Sunday, August 19, 2012

Wing Chun and Weight Training – the BIG DETAIL That Everyone’s Missing

I think there’s a big misconception when it comes to weight training and wing chun. Right now the two common schools of thought out there are that weight training can help wing chun or that weight training can hurt your wing chun:

1)      Some people are looking to get faster, increase their punching power, better their short range power through resistance or weight training…or

2)      Others feel that weight training stiffens you up, reduces your flexibility and makes you bigger and hence, clumsier when it comes to fighting.

I think there’s one huge detail that people are ignoring:

If you want to get good at wing chun, then practice wing chun.

If you want to get stronger or get that superhero body look, then for sure, weight training is the way to go.

Weight training will only help with wing chun to the extent that your wing chun is good. If your skills are crap, then your weight training isn’t going to help you no matter how much you can bench press.

With this in mind, you really have to figure out what your goals are:

1)      Do you want to get stronger?
2)      Do you want to punch harder?
3)      Do you want to gain size and look better?
4)      Do you want a stronger core?
5)      Do you want to get faster?
6)      Do you want better wing chun skills?

Each goal determines a specific path and workout program. But weight training won’t, at the end of the day, be the key element of making your wing chun better. Ultimately, if you want to be good at wing chun, you’re going to have to practice wing chun. There are too many complex neural connections, structural positions and muscle groups used that can’t be developed or stimulated through weight or resistance training whether you use dumbbells, kettlebells, resistance bands or bodyweight.

This said, however, once your wing chun gets good, then the added core strength and muscles from weight training will help. But it doesn’t go the other way around. You can’t expect that weight training leads to better wing chun. Only better wing chun leads to better wing chun. If your wing chun sucks, then no amount of weight training will ever help your wing chun skills.  On the flip side, if your wing chun is amazing, then weight training won’t ruin that.

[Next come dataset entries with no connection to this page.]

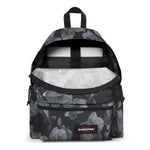 Padded Zippl'r Charming Black - ECRU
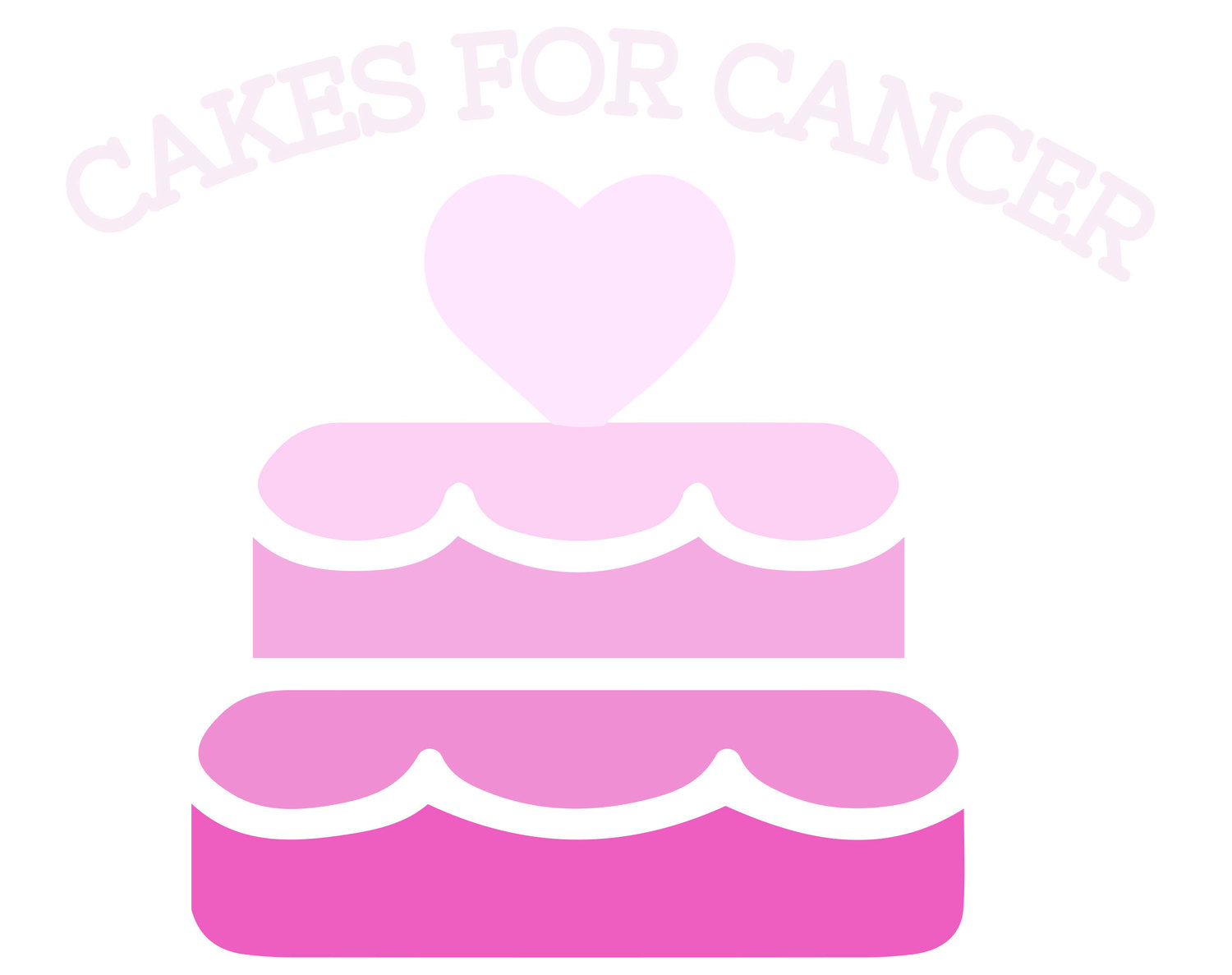 CAKES FOR CANCER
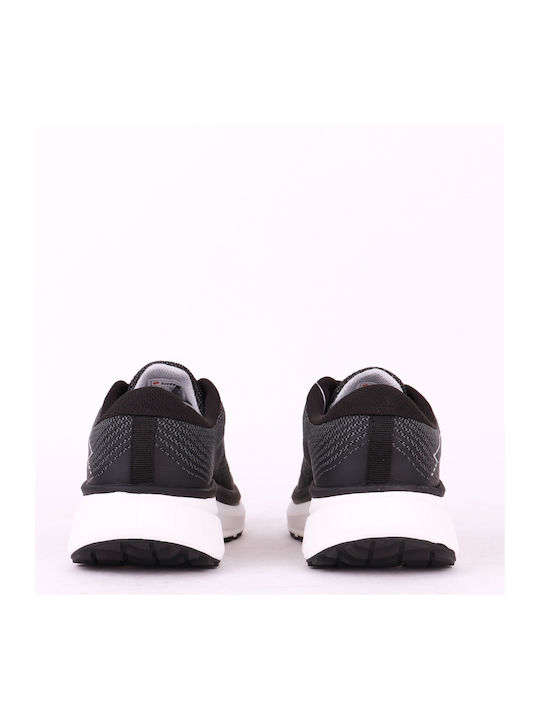 Speedride 400 Sport Shoes Running Black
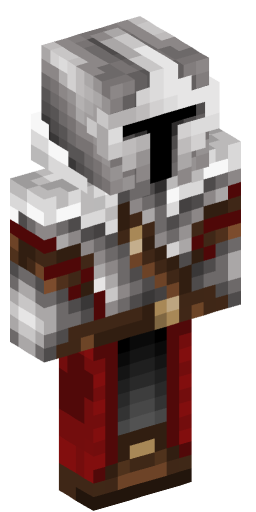 Minecraft Skin #150885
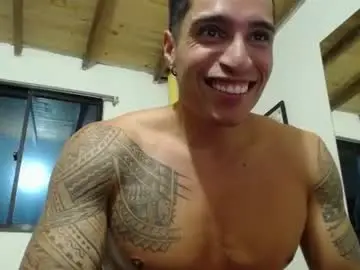 Chaturbate Free Live Porn of jack_pergurtson01
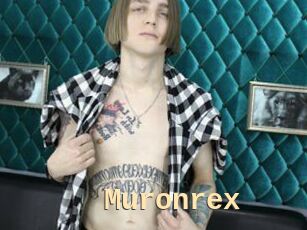 Muronrex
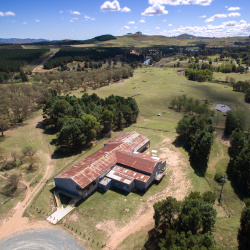 Yarralumla Woolshed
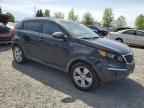 2012 KIA SPORTAGE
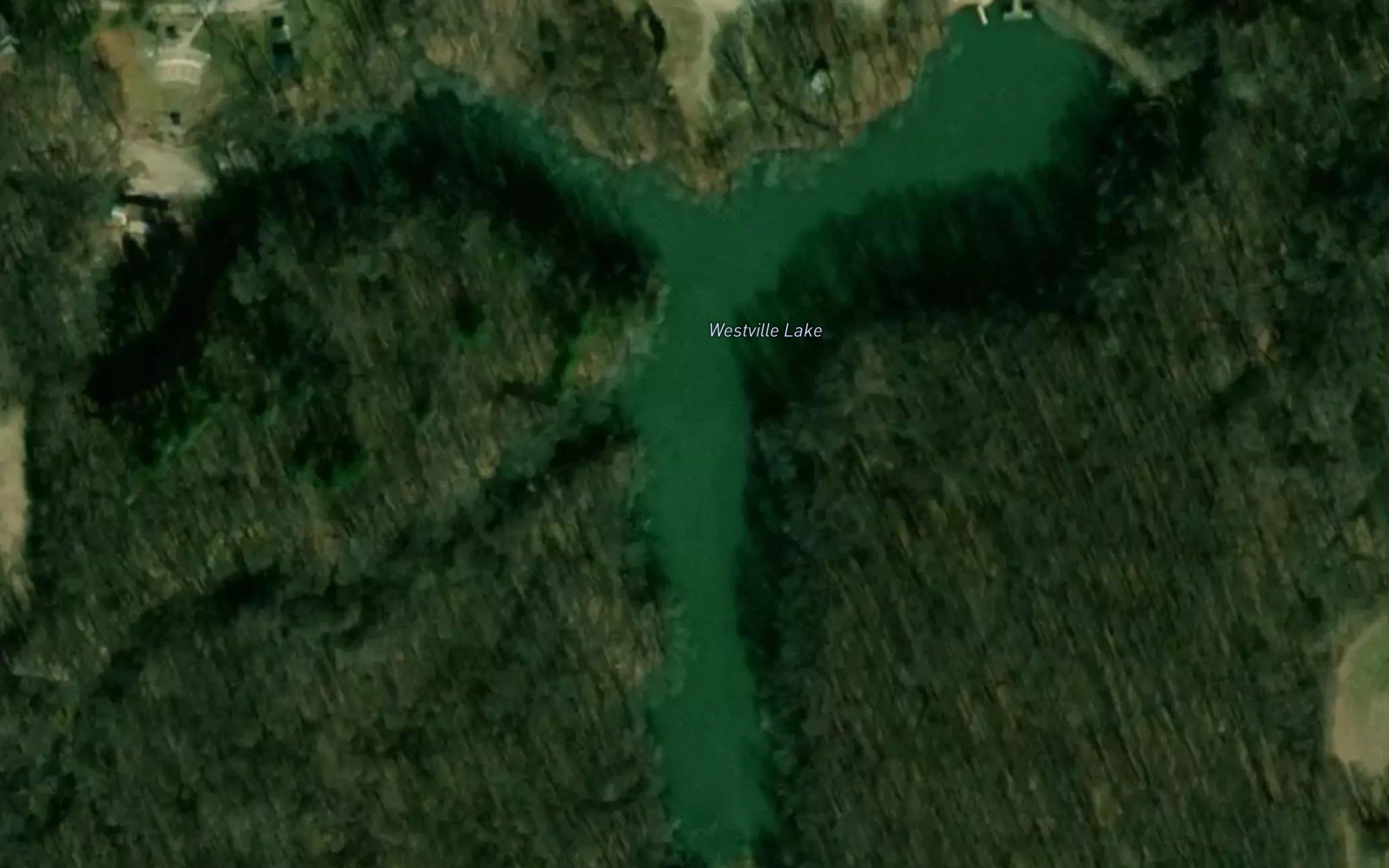 Westville Lake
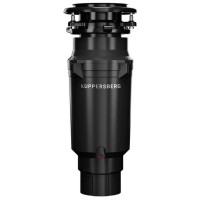 Измельчитель отходов Kuppersberg WSS 750 B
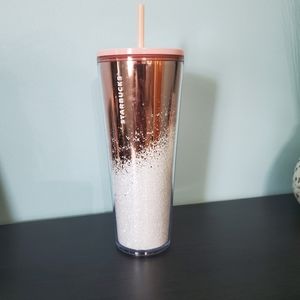 NEW Starbucks Cold Cup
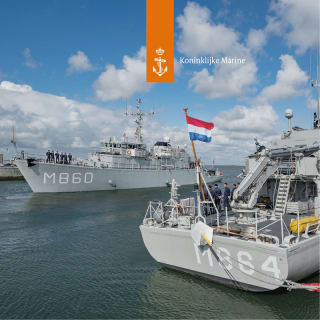 Gratis Toegang Wereld Haven Dagen 2024 in Rotterdam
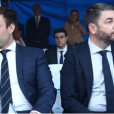 Κασσελάκης και Ανδρουλάκης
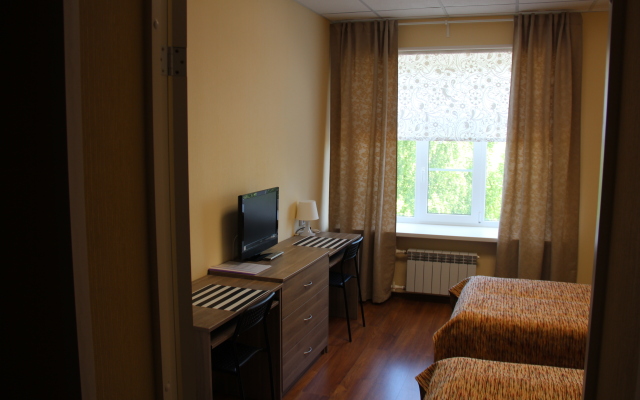 Ogni Zaliva Mini Hotel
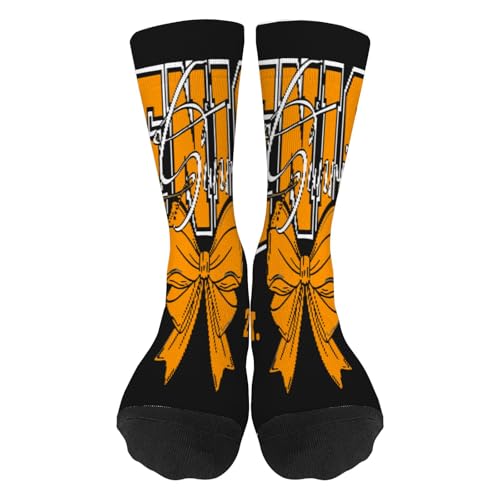 Senior Sunrises 2026 Socks For Son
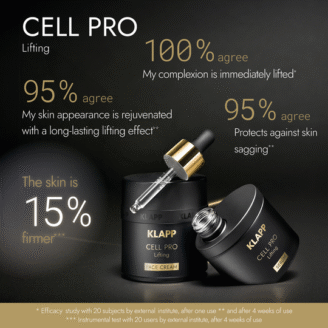 CELL PRO CELL PRO Lifting Face Cream - C9005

The take home message is this:

If you want to incorporate weight training into your workout plan, go for it. Just be sure that you’re working out with the proper goal in mind. If you want to get stronger, be sure to lift to get stronger. If you want to get bigger, then be sure to lift weights to increase size. If you want to burn fat, you’re going to follow a plan to maximize fat burn.  BUT if you plan on working out for the primary purpose of improving your wing chun, you’re wasting your time.  Also I would recommend, if you can, that you train in wing chun first for at least a year or two before going into resistance training.  That way your wing chun skills will be decently developed in which will can actually reap some benefit from resistance training. 

Until then.


Gary said...

mostly agree,, but all training needs to be personalised,(like diet, religion etc) to be maximised.

Your point seems to be that being good at Wt revolves around being good at WT. not jsut being strong/fast/mobile etc. I totally agree with that.

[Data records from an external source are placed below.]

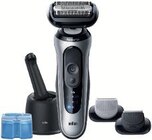 Herrenrasierer Series 6 62-S7650cc Angebote von BRAUN bei expert Hoyerswerda für 119,99 €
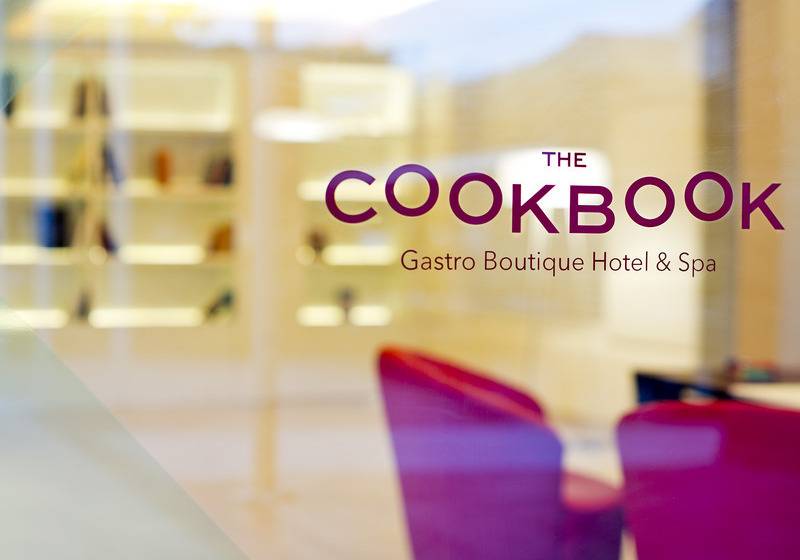 The Cookbook Gastro Boutique Hotel & Spa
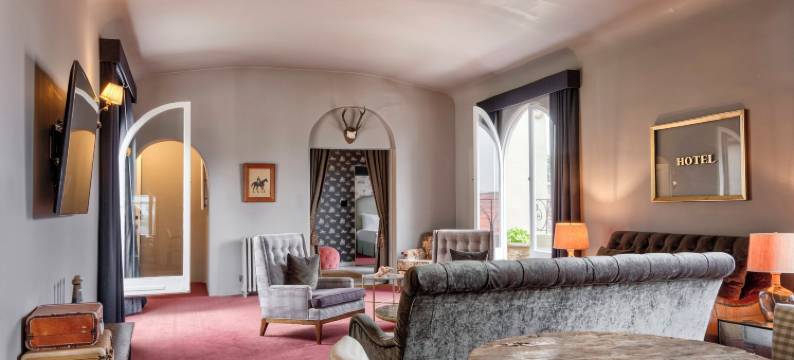 梅森二十七(Maison Twenty Seven)图片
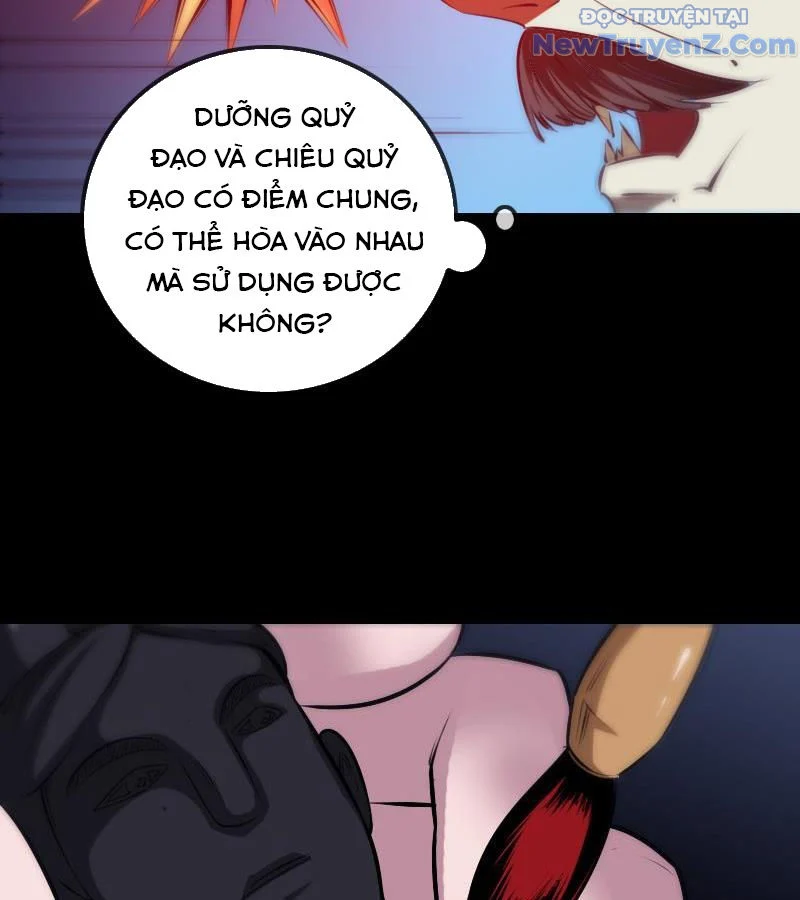 Kiếp Thiên Vận Chapter 293 - Trang 2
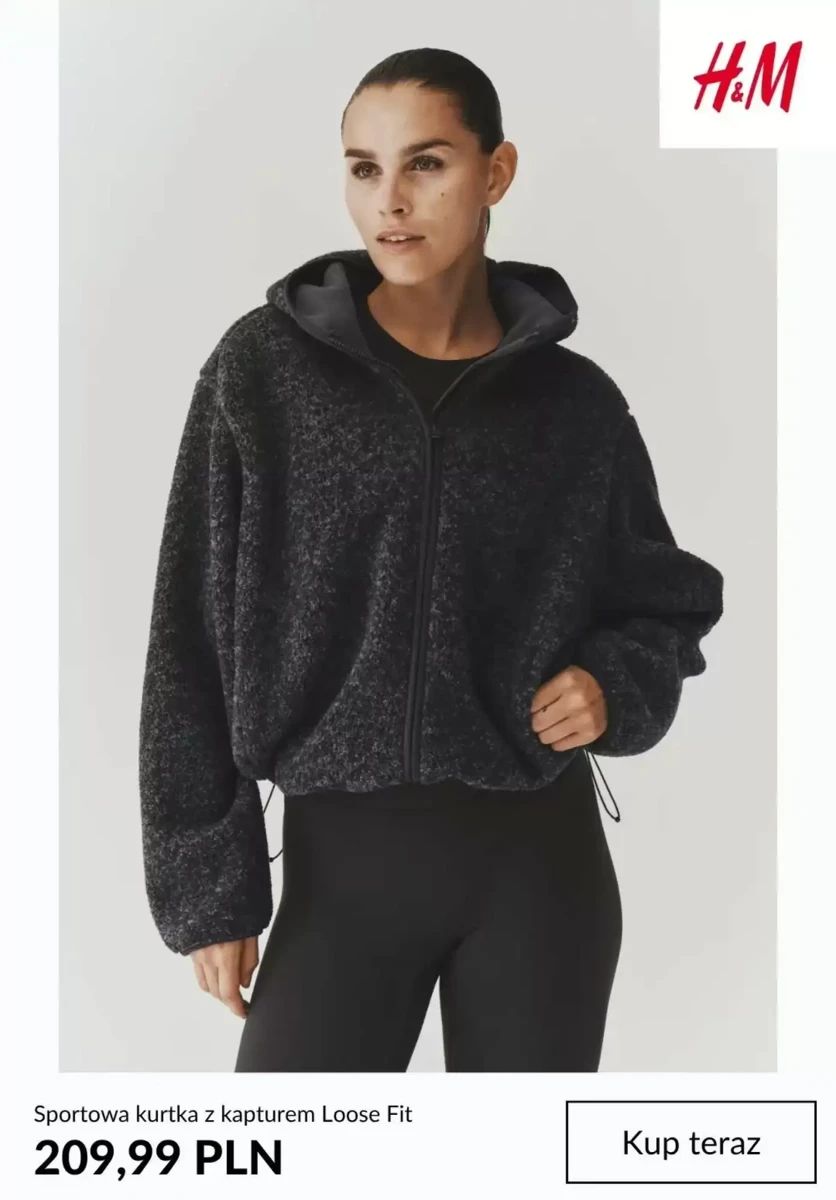 Gazetka H&M, strona 9 z 10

People who have no rooting for example need to focus on it, the weight drills that would work the muscles that power the anchors could well help focus the persons attention to them during training.. and self confidence is a big part of WT,, if you feel strong is a mental attitude, but linked to your perception of your bodys abilities.

If weight lifting ability/strength were the main factor in WT then teh best guys would be the biggest/strongest.. Seems not to be the case, since only one example can disprove a theory,

Like i say, i mostly agree.

Alex Cheun said...


Quality blog post and it's good to see other Wing Chun bloggers!

This quote hit the nail on the head, big-time!

"If you want to get good at wing chun, then practice wing chun."